Meshing ... tests and wishes

 From:  Michael Gibson
2451.40 In reply to 2451.38 
Hi Danny, that can actually help somewhat to have it structured the way you show there, with more of a partitioning between different regions of that long surface rather than just one long single piece.

With a long single piece that goes through a lot of bends, what will happen is the mesher will attempt to fit a regular uniform mesh on it but will have to give up on that since it would take too many polygons to do a completely uniform evenly-spaced mesh across the whole thing.

When you have it separated out into more individual regions like you have done there, that can help each section to get a uniform base mesh on it, which can help to avoid adaptive subdivision of the mesh.

Adaptive subdivision is the kind of thing shown here:
http://moi3d.com/forum/index.php?webtag=MOI&msg=2379.3 which will divide only certain areas of the surface into smaller pieces instead of having a totally uniform division throughout the entire thing. You won't get simple quads anymore in areas where adaptive subdivision happens, where there is a transition from one level of subdivision to the next.

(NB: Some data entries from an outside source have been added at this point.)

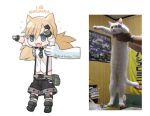  :3 animal_ears blonde_hair blue_eyes blue_panties boots cat_ears collared_shirt commentary fang fanny_pack fingerless_gloves girls_frontline gloves green_footwear grey_gloves hair_ornament hairclip holding_person idw_(girls_frontline) lifting_person longcat meme necktie open_mouth panties ran_system shirt short_shorts shorts sleeves_rolled_up smile suspender_shorts suspenders tsurime twintails underwear v-shaped_eyebrows white_shirt 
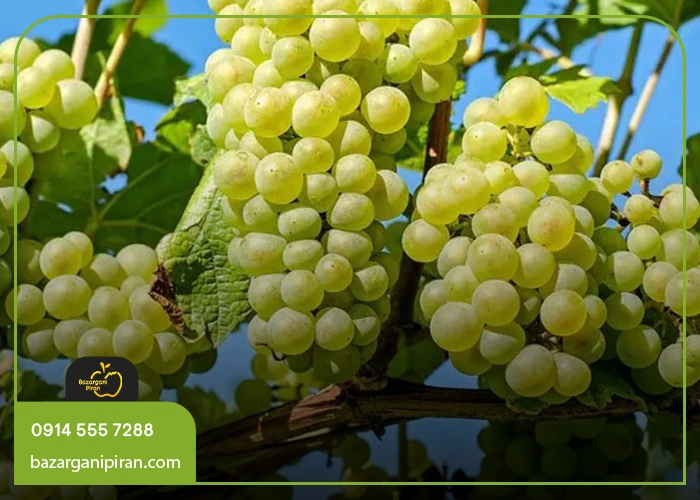 نکات طلایی برای استفاده ایمن از خاکستر در تاکستان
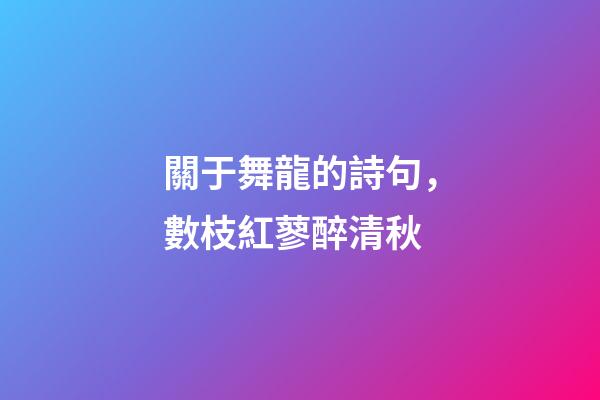 關于舞龍的詩句，數枝紅蓼醉清秋-第1張-觀點-玄機派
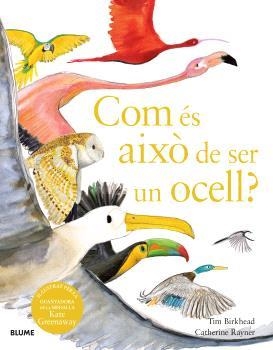 COM ÉS AIXÒ DE SER UN OCELL? | 9788410048102 | BIRKHEAD, TIM / RAYNER, CATHERINE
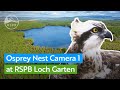 Live Osprey nest (Zoom Camera) | RSPB Loch Garten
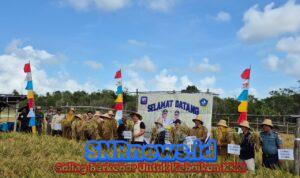 Lanal Bintan Dukung Ketahanan Pangan Melalui Kegiatan Panen Perdana Padi Gogo, Perkuat Sinergi TNI–Masyarakat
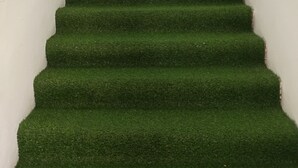 Una escalera con alfombra verde y barandillas de metal que conduce a una puerta con un logotipo.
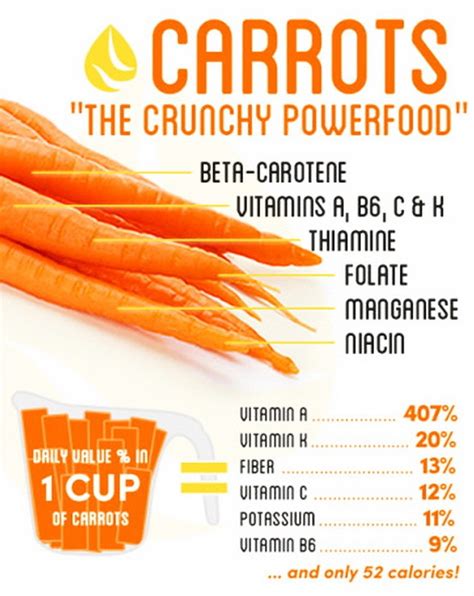 How does Carrot (Large) fit into your Daily Goals - calories, carbs, nutrition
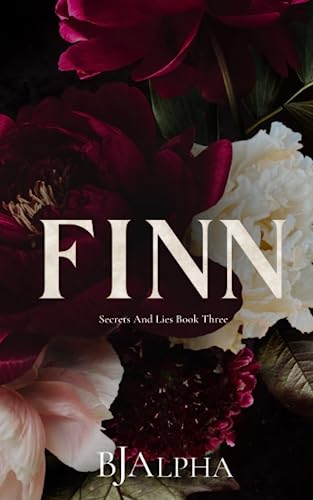 FINN Discreet Cover: Secrets and Lies Discreet Covers Book 3
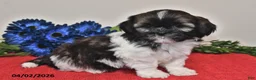 Shih Tzu dogs for sale: Ace - Ad 3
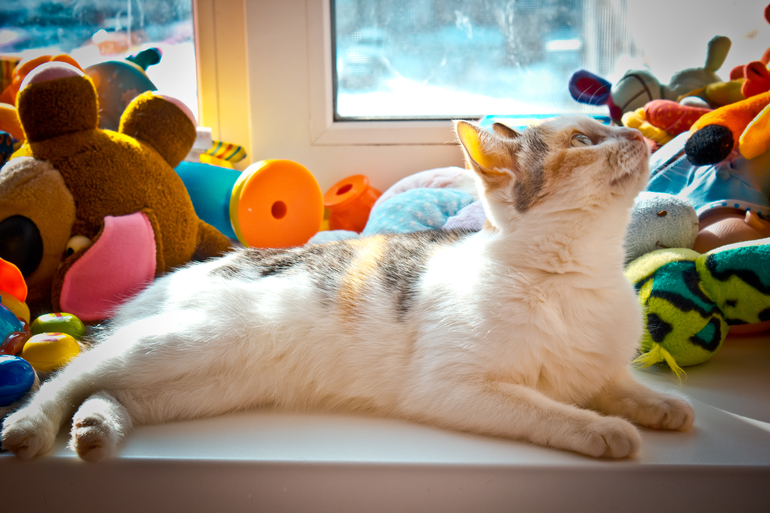 Мои рыжики и солнышко)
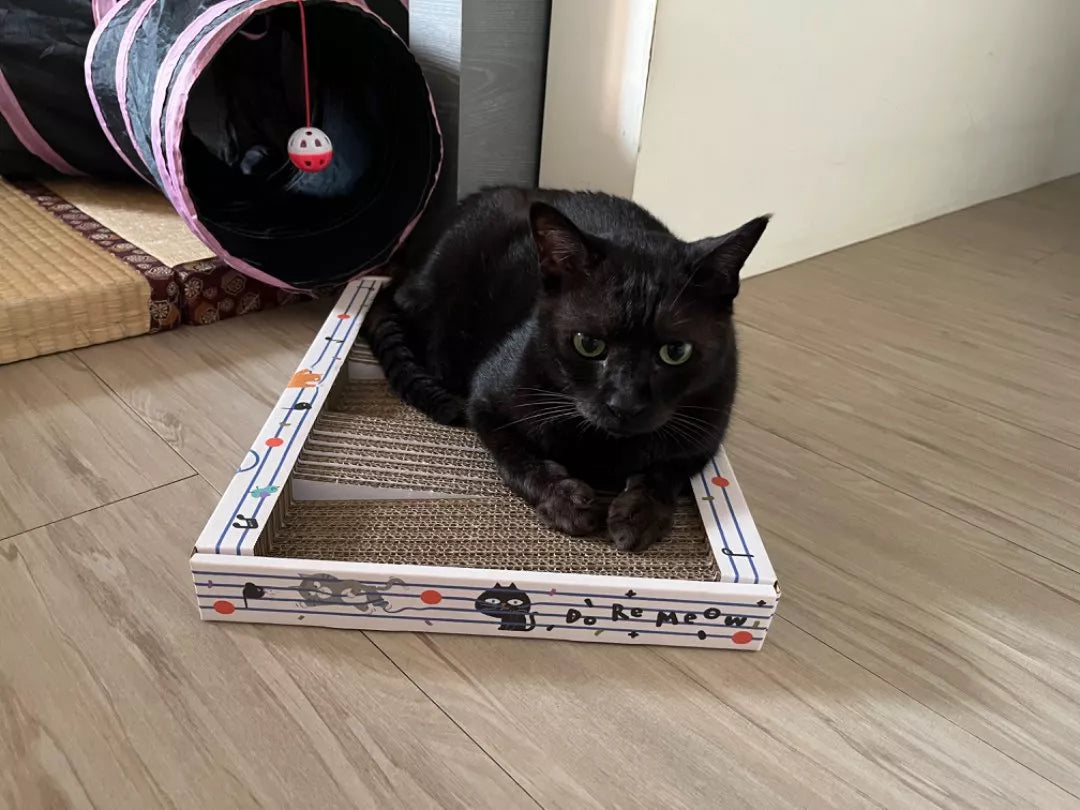 DO RE MI Scratch Pad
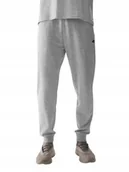 Spodnie męskie - SPODNIE męskie dresowe 4F 4FWSS24TTROM603-27M szare joggery dresy 3XL - miniaturka - grafika 1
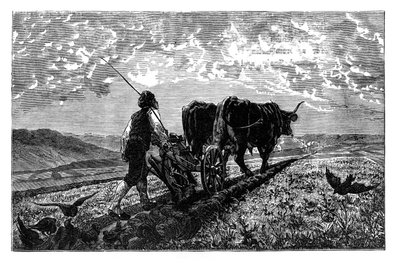 Francouzský zemědělec, c1890 od Unbekannt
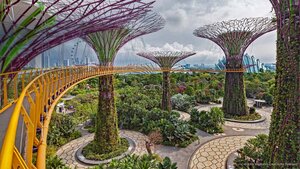 The Supertree Grove in Singapore's Gardens by the Bay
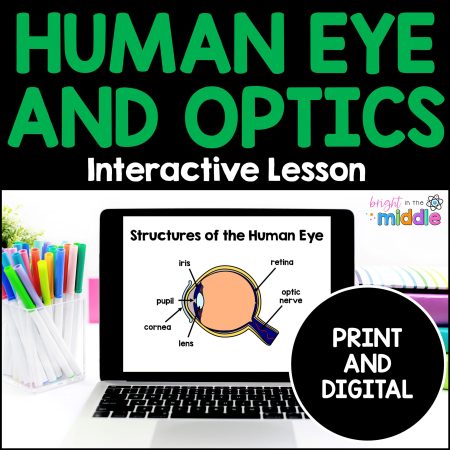 the human eye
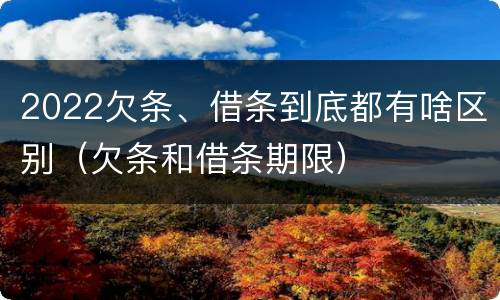 2022欠条、借条到底都有啥区别（欠条和借条期限）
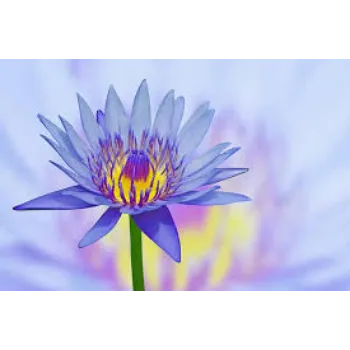 Organic Lotus Plants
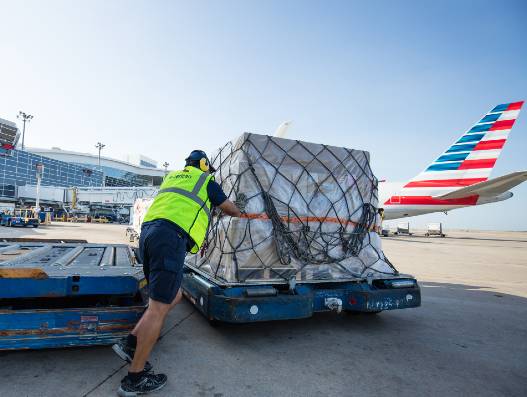 Covid-19: Expediting cargo delivery amid crisis Covid-19: Expediting cargo delivery amid crisis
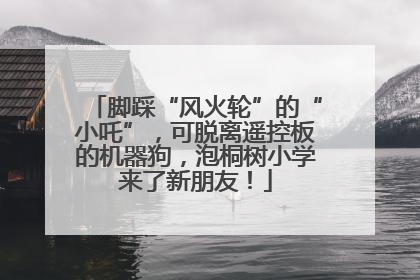 脚踩“风火轮”的“小吒”，可脱离遥控板的机器狗，泡桐树小学来了新朋友！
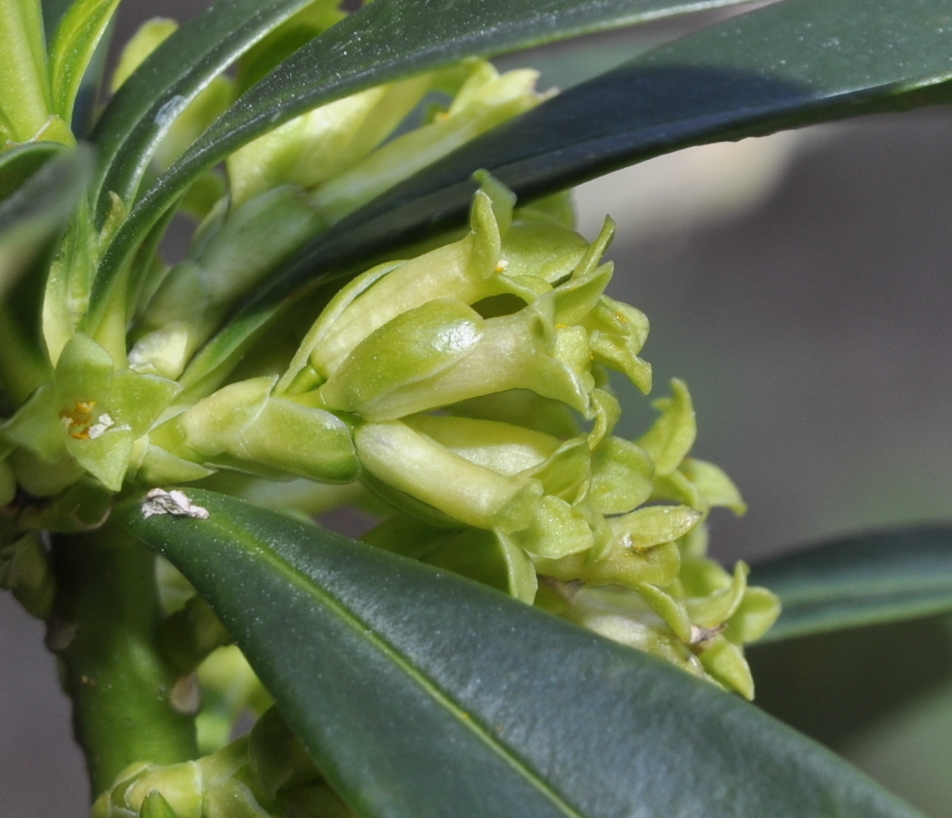 Image of Daphne laureola specimen.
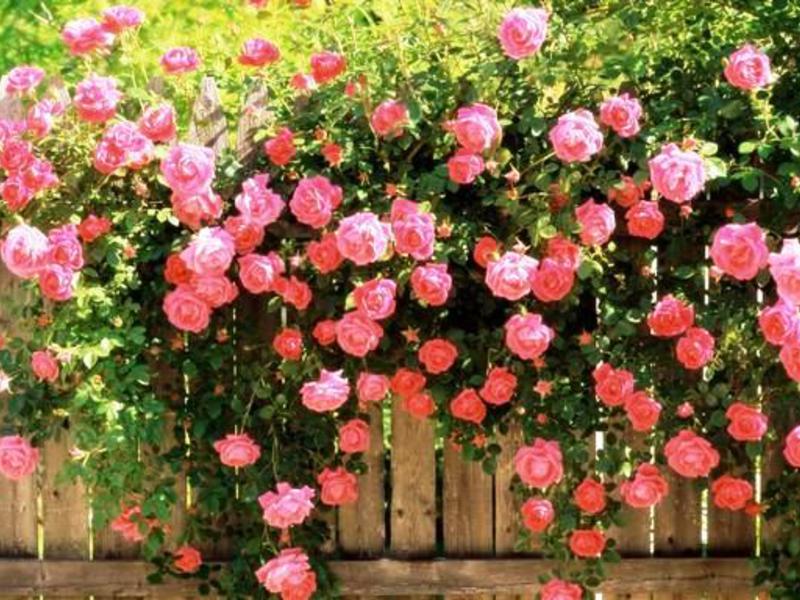 The peony rose hedge is very beautiful.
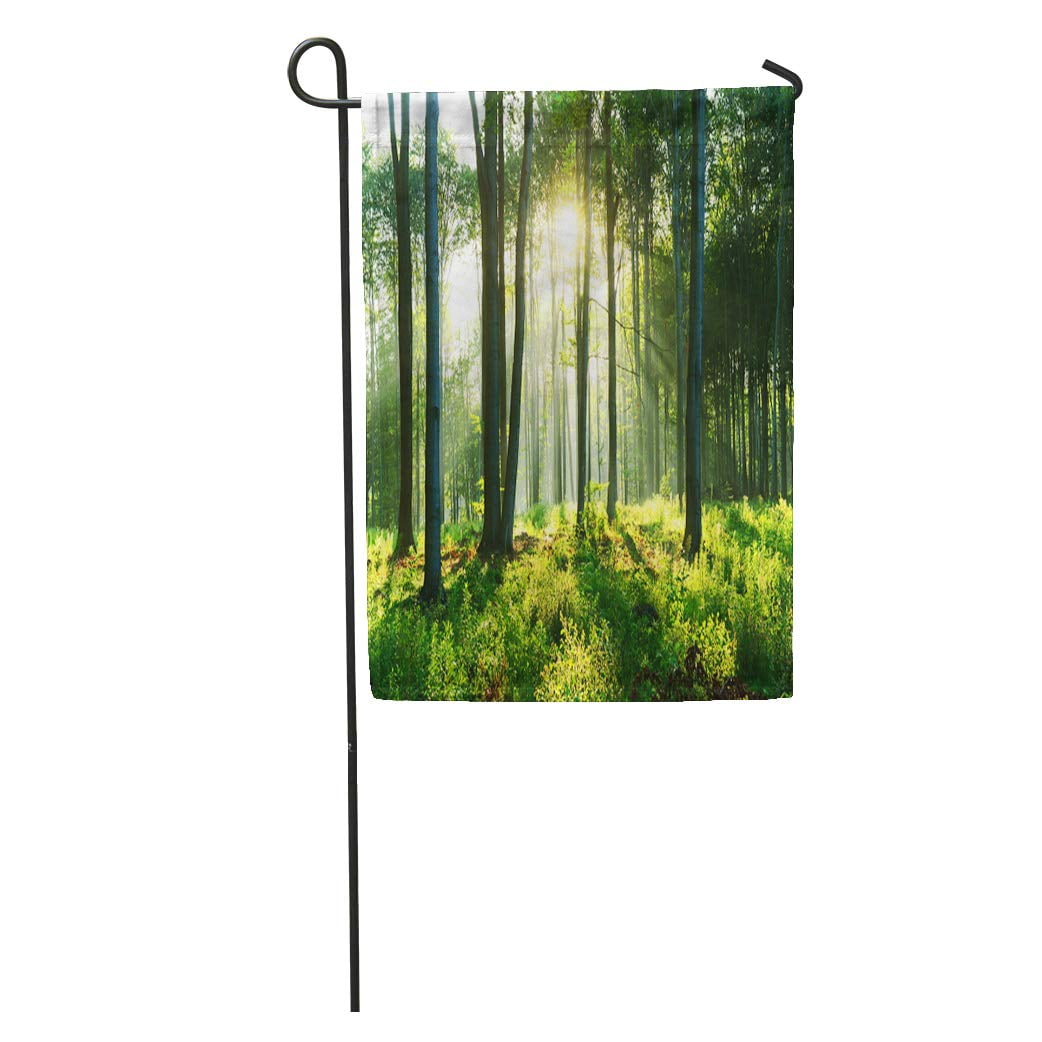 JSDART Brown Landscape Morning in The Forest Colorful Zen Birch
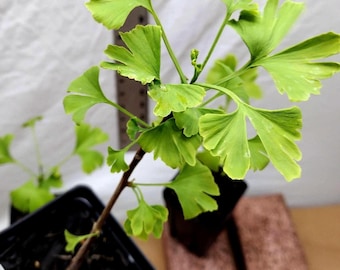 Ginkgo Biloba Tree: Maiden Hair Living Fossil - In Nursery Pot. Pre Bonsai or Landscape. Live.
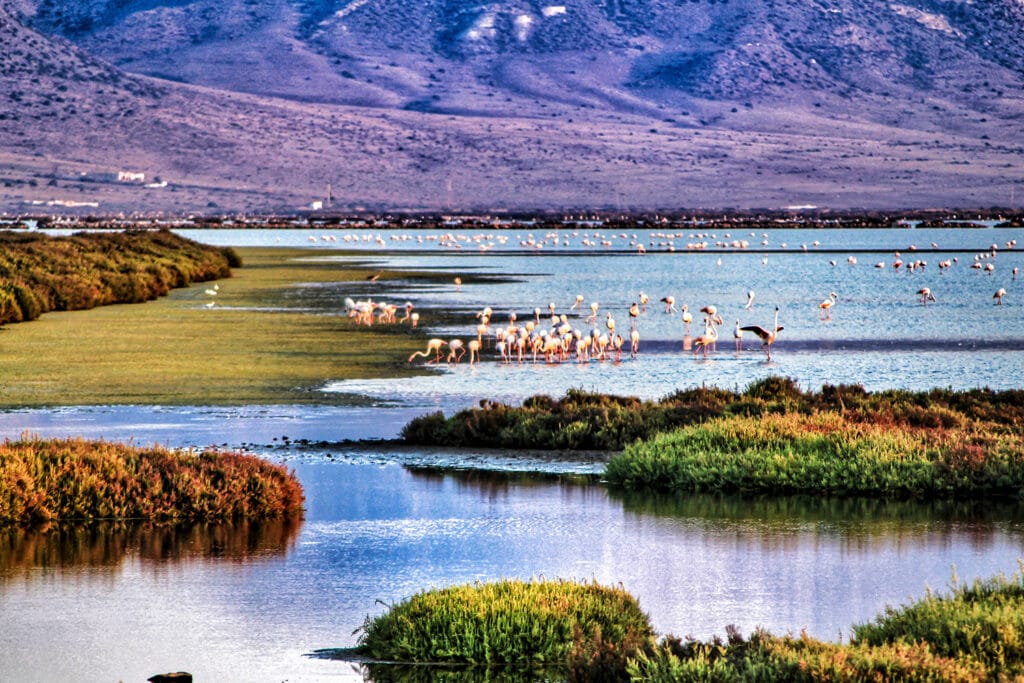 Cabo de Gata - W drodze na surowe wybrzeże południa Hiszpanii
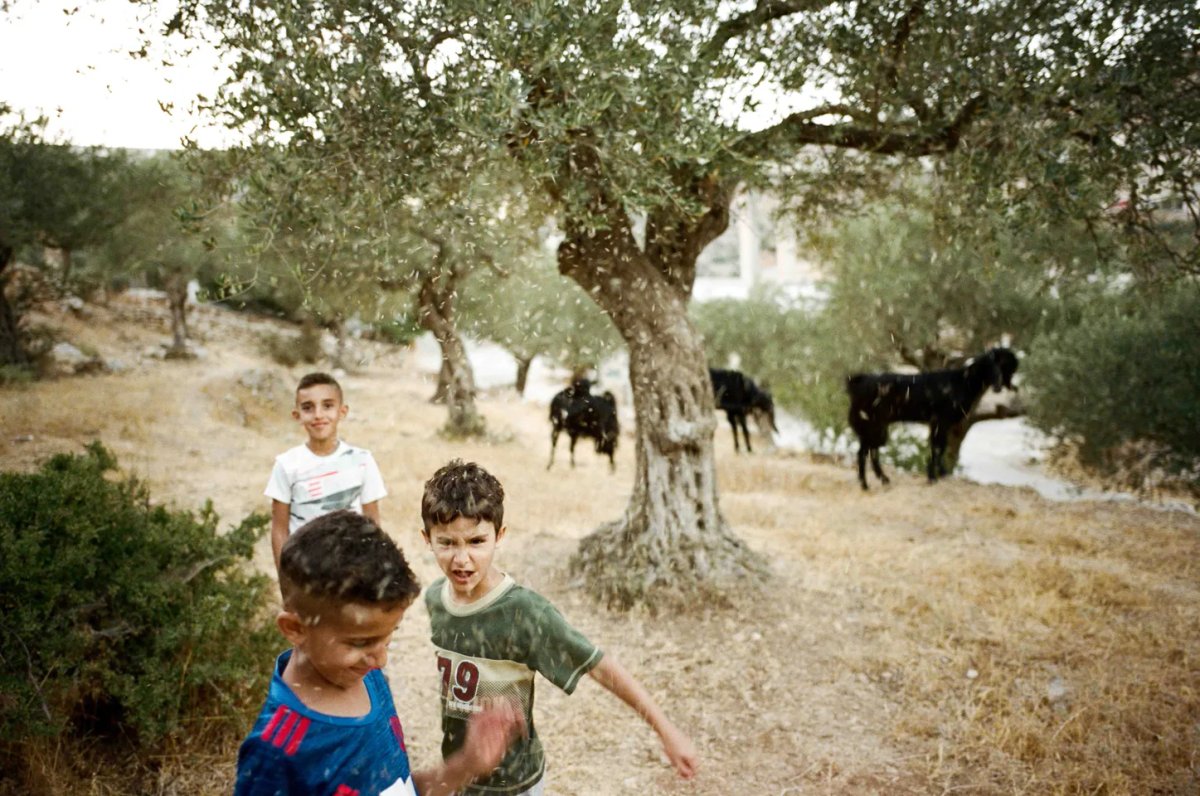 Adam Rouhana, Before Freedom (2022-23) Image: © Adam Rouhana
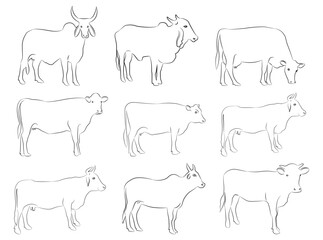Cow set. Cow silhouette black white isolated hand drawn vector illustration.Vector silhouettes of cows, different poses, black color, isolated on white background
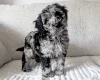 Cockapoo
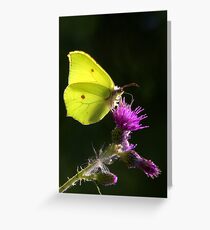 Brimstone Butterfly Greeting Card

But at any rate, some of these issues are things that can come into effect with any kind of model when you want to make a coarse, low-polygon version of it that doesn't have odd things sticking out from it. Coarse meshing and jagged shapes kind of tend to go along with one another, so it can take some targeted manipulation of the meshing parameters to get low polygons without too many artifacts. That can be kind of a separate issue from the modeling technique used since it applies to a wide variety of models.